With iodepth=256 there're some examples where unbounding the workqueue
without offloading to single thread can hurt the performance
(bsize=16KiB and 32KiB)
But in most cases we can say dm-crypt performance is pretty close to raw
block device now.
[7] spin drive based results (heavy load)
-----------------------------------------
These tests were most complex.

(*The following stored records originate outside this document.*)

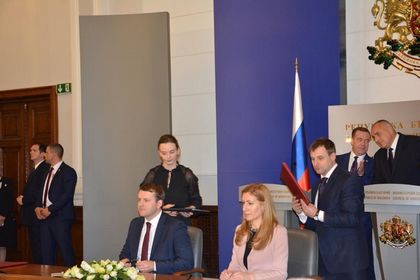 България и Русия подписаха двугодишна програма за съвместни действия в туризма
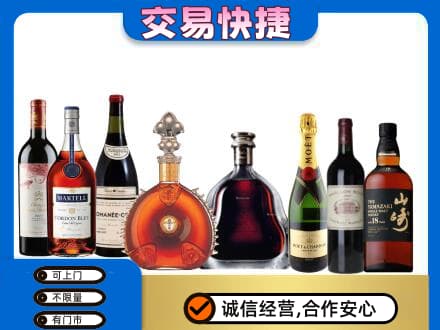 中卫回收高档洋酒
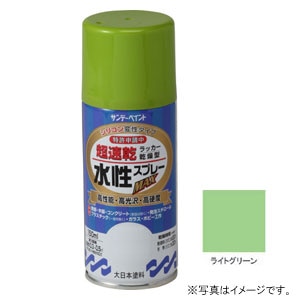 �T���f�[�y�C���g�b�������b�J�[�X�v���[MAX ���C�g�O���[�� 150ml�b#261581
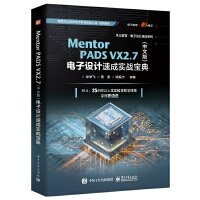 Mentor PADS VX 2.7İ棩OӋٳɌ(zhn)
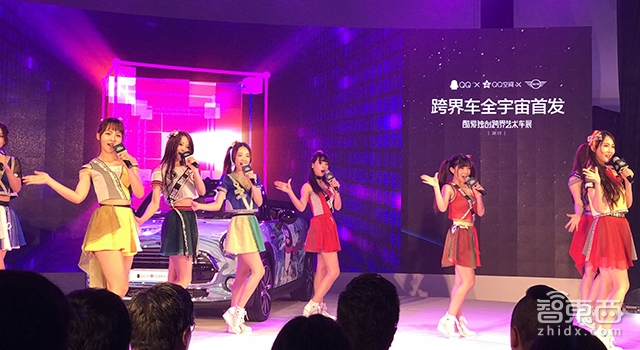 卖车也得找腾讯 MINI携手QQ推跨界艺术车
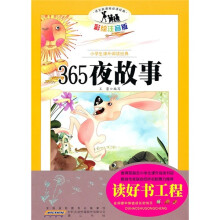 小学生课外阅读经典：365夜故事（彩绘注音版）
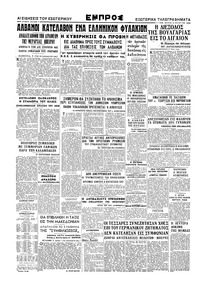 Σελίδα 4 / 4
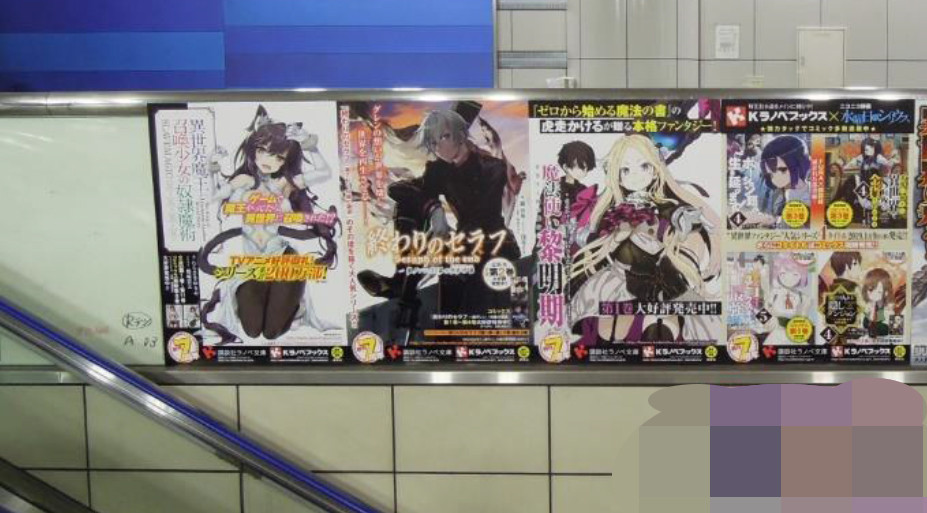 C95_K_lanovebunko_ekibariposter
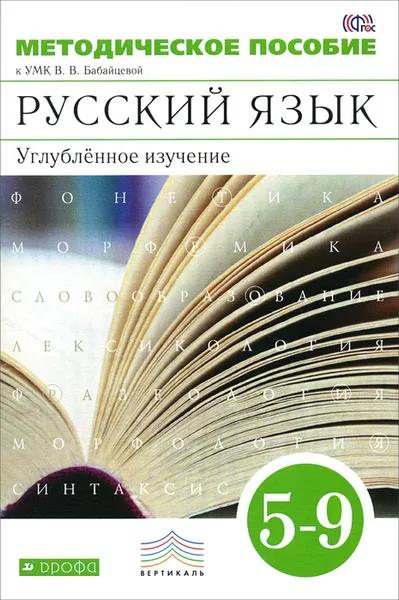 Обложка книги Русский язык. 5–9 классы. Методическое пособие. Углубленное изучение, В. В. Бабайцева, Л. Д. Беднарская, И. Н. Политова, О. А. Сальникова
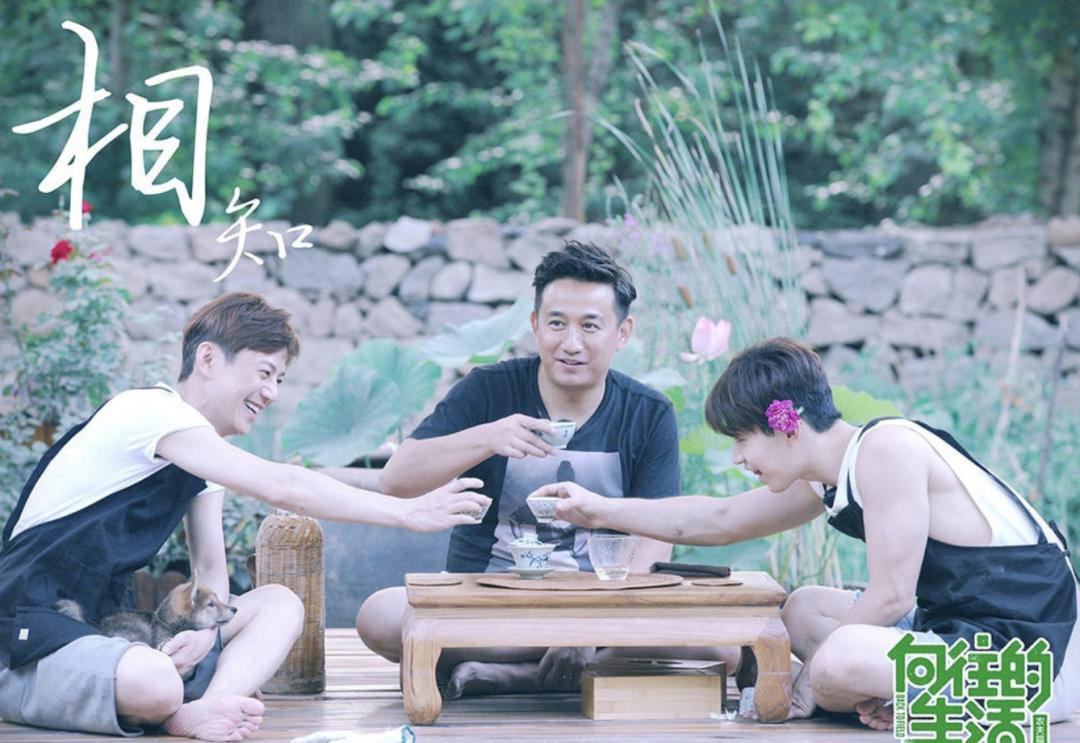 向往的生活第七季那英冷门歌曲,向往的生活第七季取景地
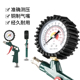 胎压计气压表高精度带压力充气头汽G车轮胎压监测器放加气充气枪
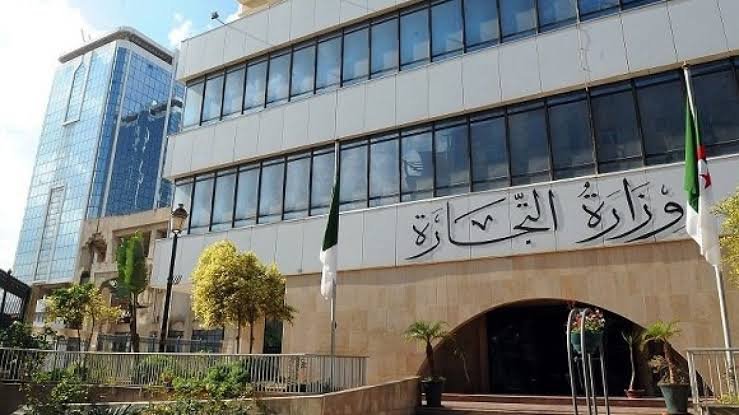 تسهيلات جديدة عبر تطبيق “مرافق كوم”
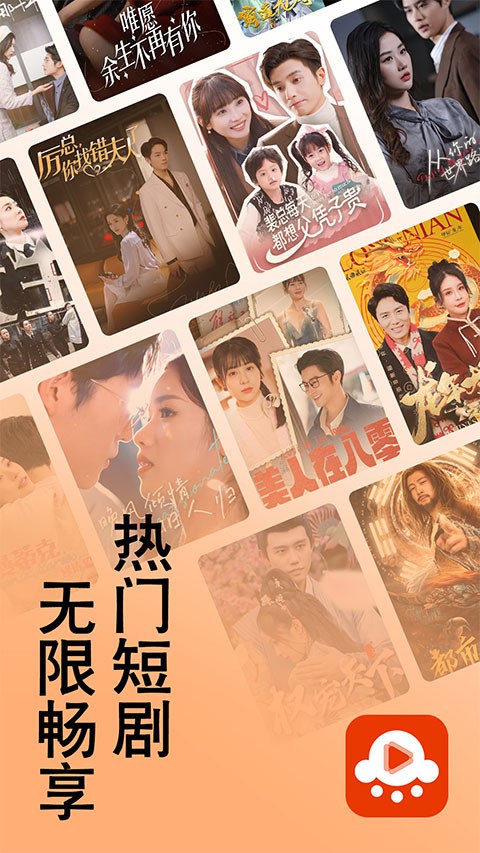 海看剧场app截图3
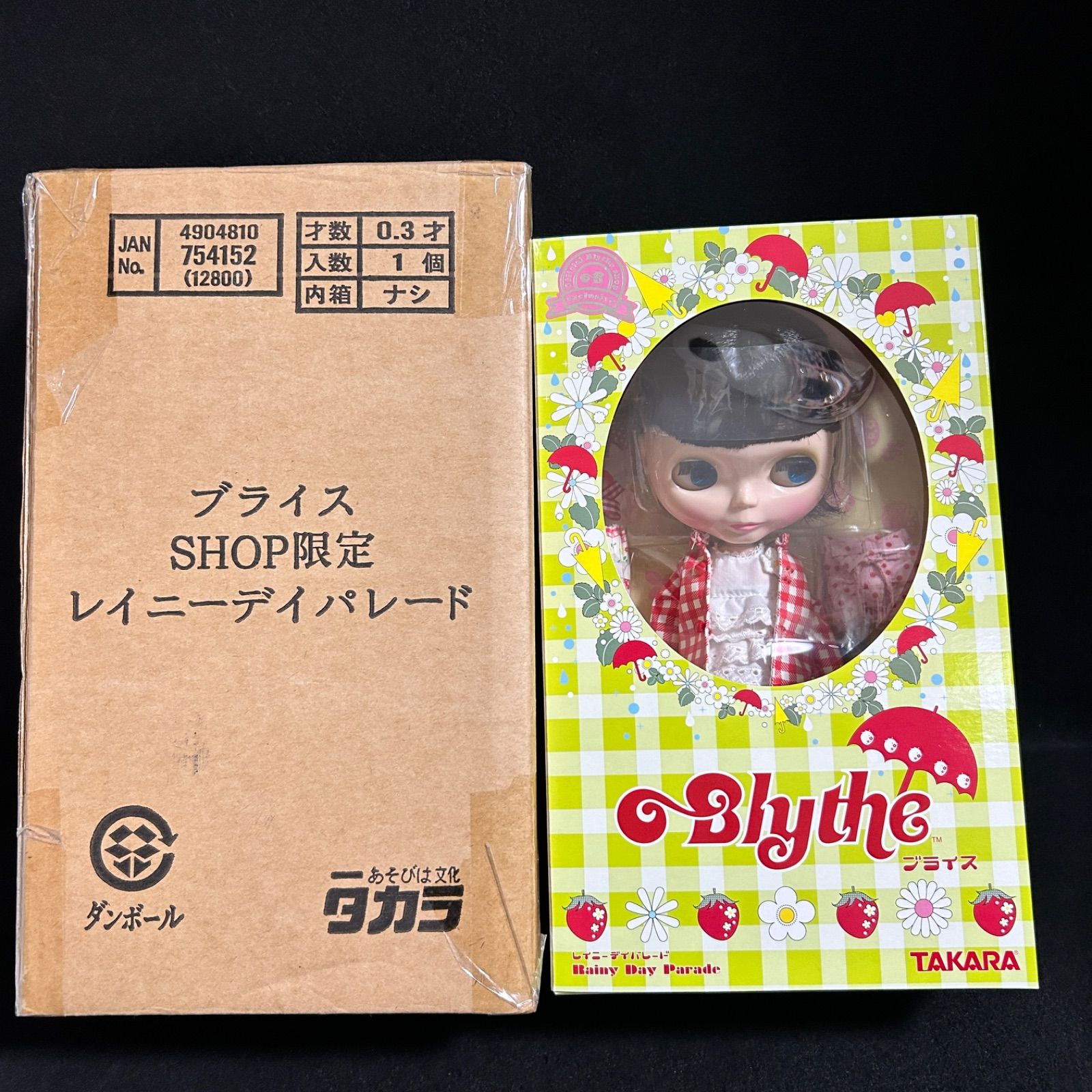 ブライス ショップ レイニーデイパレード ネオブライス ドール 人形 フィギュア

Tested both cfq and deadline schedulers,
setting different nr_request parameter for device's scheduler queue.
Tests were spawning 1, 5 or 8 fio processes per CPU socket (8, 40 or 64
processes in case of numa_8) in a system and performed i/o on same count
of non-overlapping disk regions.
subdir /numj_1/ means: single process per cpu socket, /numj_5/: 5
processes...
Unfortunately, there're workloads where unbounding the workqueue shows
performance drop and subsequent offloading to single thread makes it
even worse. (see 8 socket system, cfq, numj_1:
http://okozina.fedorapeople.org/dm-crypt-for-3.20/disk_heavy_load/numa_8/cfq/nr_req_128/numj_1/stats).
Similar observations in 2 socket system, cfq, numj_1
:http://okozina.fedorapeople.org/dm-crypt-for-3.20/disk_heavy_load/numa_2/cfq/nr_req_128/numj_1/stats.
On both 2 socket and 8 socket system this observation fades away with
adding more fio processes per socket.
Only 4 socket system (not so up to date AMD CPUs w/o HT) didn't show
such pattern.
Generally with higher load, deeper ioqueues and larger block sizes, the
sorting which takes place in offload thread proves to do it's job good.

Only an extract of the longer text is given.